“Lampredotto Tastes As Divine As It Looks Infernal.”
Photographed by Michelle Heimerman
Paraphrased from an article by Adam Gollner in the April/May 2017 issue of Saveur magazine
Of all the sensorial delights available in the overstimulating tourist trap that is Florence, could it be that a sloppy street snack of stewed tripe ranks among the very finest?
Behold, lampredotto, Florence's preeminent cibo da strada (or road food), a Renaissance-era sandwich named for its putative resemblance to boiled lamprey (a type of fish resembling an eel). There's no way around it: The stuff is ugly. Wrinkly, flaccid, grayish beige, it emerges from its vat of indiscernible bouillon, wobbling on the end of the trippaio's (tripe-seller's) carving fork. That such a pile of innards is beloved in such a stylish, wealthy merchant center—and has been for over 500 years—is rendered even more incongruous by the city's pastel-hued elegance. It's like a joke from the Middle Ages whose punch line is still being hawked from street carts in San Marco.
Dante probably ate it while pining after Beatrice. There's a good reason for its ongoing appeal: Lampredotto tastes as divine as it looks infernal.
Try it wet, or bagnato, the Florentine term for au jus, in which the bun is moistened with a little of the braising liquid.
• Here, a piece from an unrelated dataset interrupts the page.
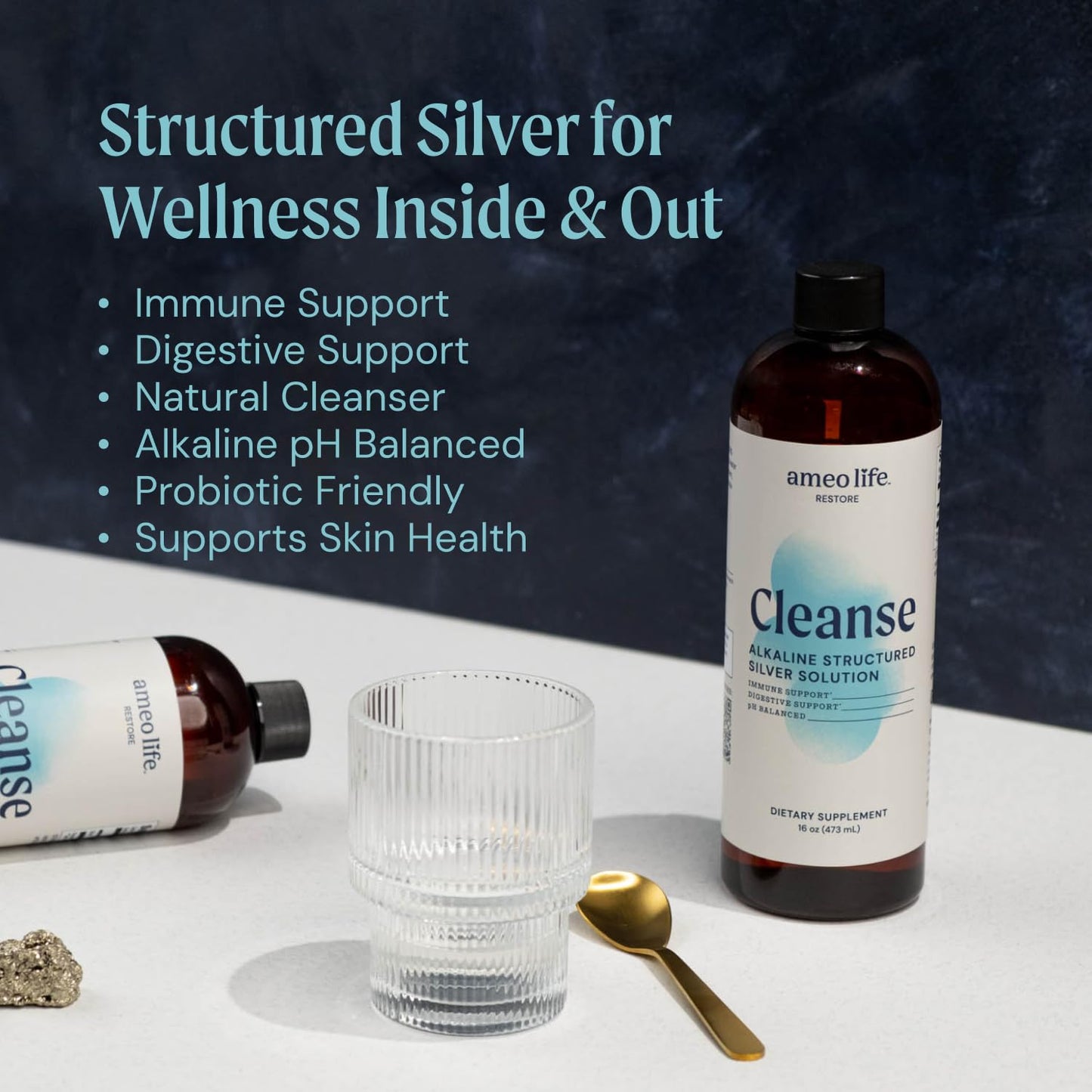 Ameo Life Colloidal Silver Liquid 30 PPM | Alkaline Silver Water for Immune Support & Gut Health | 16 oz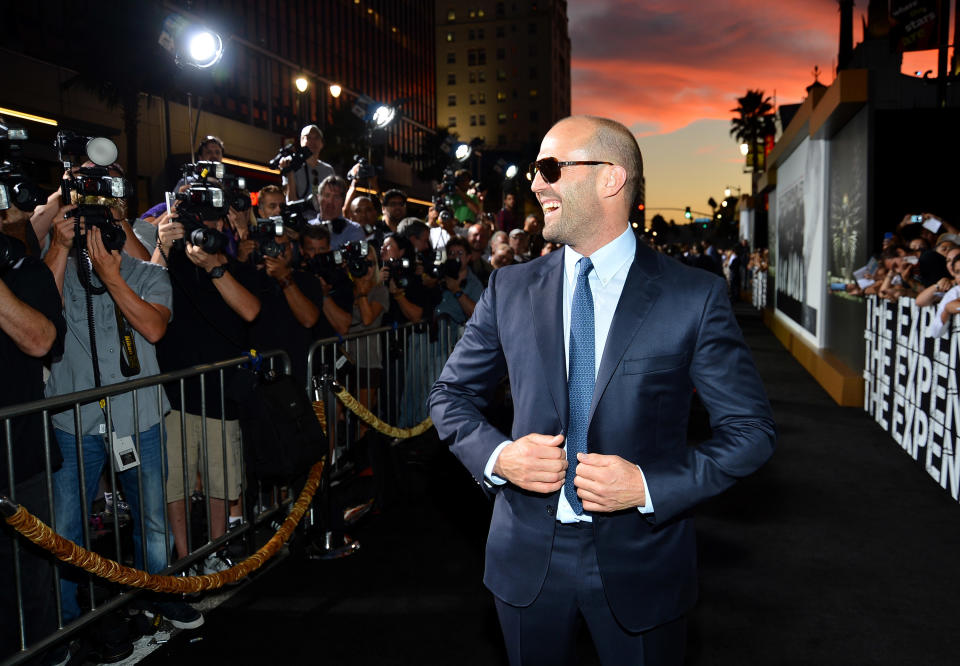 Jason Statham at the Los Angeles premiere of "the Expendables 2" on Auguest 15, 2012.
Lampredotto is made with the fourth and final stomach compartment of a cow, the rennet-secreting maw known as the abomasum. This forgotten quadrant of ruminant viscera is rarely used in kitchens elsewhere. But in Florence, eating abomasum is a daily habit for all segments of society, as popular among the working class as it is with pin-striped businessmen.
That a cow's stomach chamber can be morphed into a triumph of the culinary arts is a quintessentially Florentine phenomenon. Lampredotto represent the way Florence has democratized deliciousness. In the same way that Dante argued for vernacular Italian to be accorded equal respect as Latin, Florence seems to have understood that expensive food isn't necessarily better food. To succumb to lampredotto's charms is to realize that beauty and ugliness can live in harmony with each other—that they can be unified into a handheld reminder that one cannot actually exist without the other.